J’ai perdu M., puis j’ai retrouvé M. et, finalement, peut-être que c’était nécessaire, que ça valait la peine, cette déception, cette douleur, peut-être que c’était inéluctable d’en passer par là pour entendre son « Appelle-moi quand ça ne va pas ». Peut-être que je ne le ferai pas, que je ne l'appellerai pas, peut-être que j’ai désormais décidé d’accorder ma confiance à d’autres, plus proches, plus présentes, mais j’ai aimé l’entendre prononcer ces mots. Alors merci, M.

mercredi 5 juillet 2017

3 - les grandes vacances, première partie : l'Ardèche


En Ardèche, j’ouvre ma valise cinq minutes à peine après être descendue du car, j’en sors mon ciré jaune et je l’enfile pour me protéger de ces grosses gouttes qui tombent depuis que l’on a quitté Montélimar, je vérifie les prévisions météo une énième fois, et je me dis que j’ai vraiment mal choisi les dates de mon séjour, qui sera probablement un peu trop marqué par les pluies et les orages. Place de la Paix, je me demande s’ils m’ont oubliée, et puis je me dis qu’ils sont toujours très occupés, alors j’attends. Je ne reconnais pas la voiture, mais je reconnais le sourire derrière la vitre, la main qui me fait signe et la voix qui lance « Salut, la Bretonne ! » quand il m’embrasse, avant d’ouvrir le coffre et d’y glisser ma valise. Contrairement à mon habitude, je ne cours pas enfiler mon maillot de bain à peine installée, et contrairement à mon habitude, je ne dormirai pas dans la grande chambre du fond. Quand la pluie cesse, on part marcher un peu, histoire de se dégourdir les jambes et de sortir le chien, qui n’a, il est vrai, « que » cinq mille mètres carrés à sa disposition. On s’arrête au bout de 100 mètres pour goûter les pêches du voisin, qui râle contre la grêle tombée il y a trois jours, et les glaçons qui serviront pour le Pastis mais ont détruit ses tomates. Je ramasse les bouteilles balancées dans le fossé, parce que ce coin est si beau et ces marques d’incivilité m’agacent. On rentre avant l’orage, je me plonge dans mon livre, et quand je lève les yeux, il y a cette lumière si spéciale qui suit le ciel noir, et deux arcs-en-ciel juste en face de la terrasse. Ils se souviennent que je ne mange ni viande, ni poisson, et je pense à Papy quand son fils, qui lui ressemble tant, me dit qu’il est « tombé dedans quand il était petit ».

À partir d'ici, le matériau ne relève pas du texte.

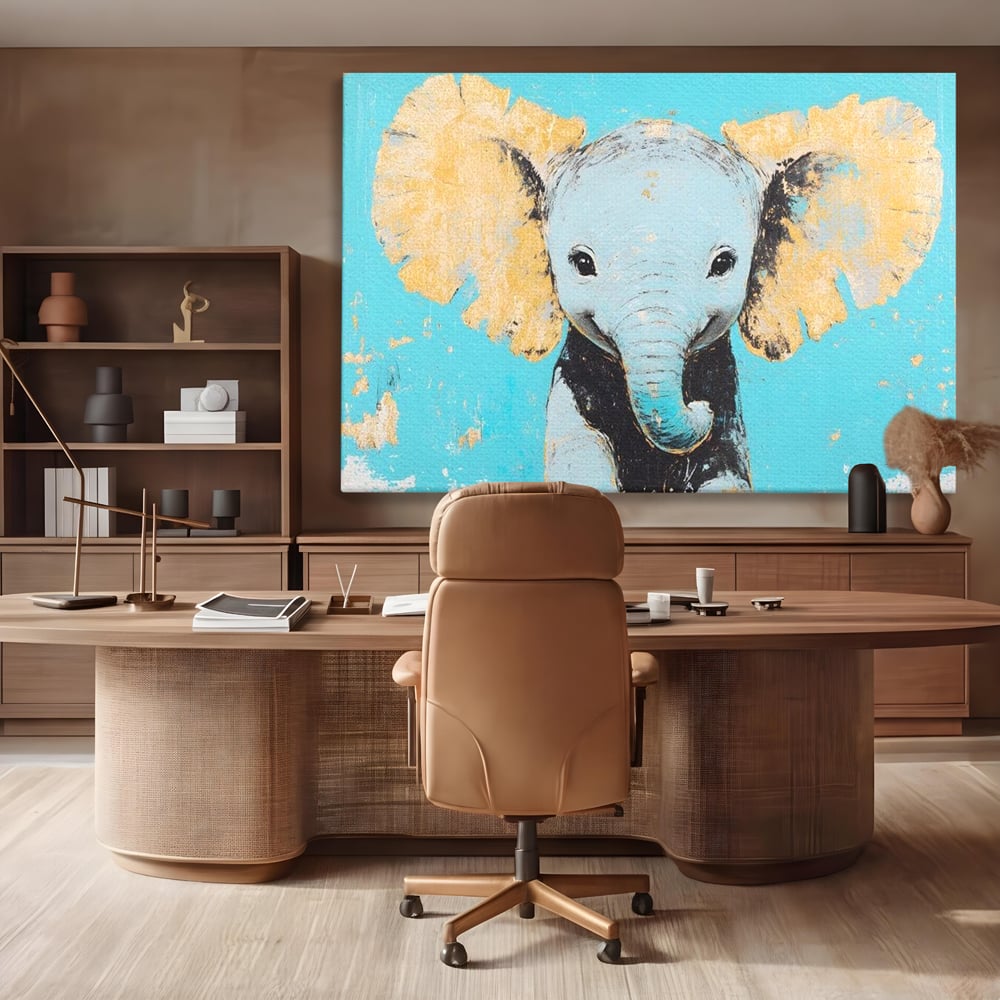 Tablou canvas cu tablou canvas cu un pui de elefant, fara rama, pe sasiu de lemn, pe perete intr-un birou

En Ardèche, on part voir une maison qui a de jolis volets, on en profite pour aller visiter un hameau magnifique mais déserté, puis pour se rendre chez un producteur d’huile d’olive, qui nous fait goûter ses huiles à la petite cuillère, nous explique qu’une bonne huile doit toujours un peu gratter la gorge, et que ça s’appelle l’ardence. Il nous emmène sur la terrasse, la vue est magnifique, et quand on s’exclame devant le spectacle, il répond « Oh, vous savez, je suis né ici. », il râle contre les bourrus, contre l’Union Européenne, contre les touristes et encore contre les bourrus, contre les inspecteurs de l’hygiène et les contrôleurs de label bio, il râle beaucoup mais avec le sourire, et on repart avec de l’huile d’olive et du pesto, de l’huile essentielle de lavande pour la voiture, et du savon pour moi, parce que j’adore les pains de savon qui sentent bon.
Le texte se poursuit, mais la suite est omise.